The truth, in my view, lies in the fact that ‘technology […] decides everything’. Technology is the subject of the contemporary historical tragedy, if by technology we understand not only the complex of artificial instruments of production, but also the organisation of society, solidly founded of the technology of production, and even ideology. Ideology, incidentally, is located not in the superstructure, not ‘on high’, but within, in the middle of society’s public sense. To be precise, one needs to include in technology the technician himself – the person – so that one does not obtain a cast-iron understanding of the question. […]
The situation between technology and nature is tragic. The aim of technology: give me a place to stand and I will move the world’. But the construction of nature is such that it does not like to be beaten. […] Nature keeps itself to itself, it can only function by exchanging like for like, or even with something added in its favour, but technology strains to have it the other way around. The external world is protected from us by the dialectic. Therefore, though it seems like a paradox: the dialectic of nature is the greatest resistance to technology and the enemy of humankind. Technology is intended for and works towards the overturning or softening of the dialectic. So far it has only modestly succeeded, and so the world still cannot be kind to us. At the same time, the dialectic alone is our sole instructor and resource against an early, senseless demise in childish enjoyment. Just as it was the force that created all technology.’
— Oxana Timofeeva, History of Animals, Maastricht: Jan van Eyck, undated, pp.145-146 (quoting Andrei Platonov, Soul and Other Stories, p.28)
Though Oxana discusses Platonov’s less well-known work, Chevengur, the following passage is not quoted in her book. Nonetheless it’s highly pertinent to her account of Platonov’s inhuman communism, in which both animals and humans long for sensual emancipation from the cruelty of the ‘state’, ‘work’ and the ‘state of nature’.

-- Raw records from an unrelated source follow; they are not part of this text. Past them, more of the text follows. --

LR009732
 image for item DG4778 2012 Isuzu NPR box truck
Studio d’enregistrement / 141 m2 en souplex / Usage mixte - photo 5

Zakhar Pavlovich’s anguish was stronger than his awareness of the uselessness of labor and he continued to cut stakes until full nocturnal exhaustion: Without a craft Zakhar Pavlovich’s blood flowed from his hands into his head and he began to think so deeply about everything at once that only gibberish resulted, while ‘in his heart’ arose a saddened fright. Wandering around ‘the sunny yard in the day, he couldn’t overcome his thought that man is descended from the worms. After all, the worm is simply a terrifying pipe which has nothing inside, just empty blackness. Observing the village houses, Zakhar Pavlovich discovered that they closely resembled closed coffins, and he was afraid to sleep in the carpenter’s house. An animal, work capable force, finding no place, was eating Zakhar Pavlovich’s soul. He did not control himself and was tortured by various kinds of feelings which never appeared when he worked.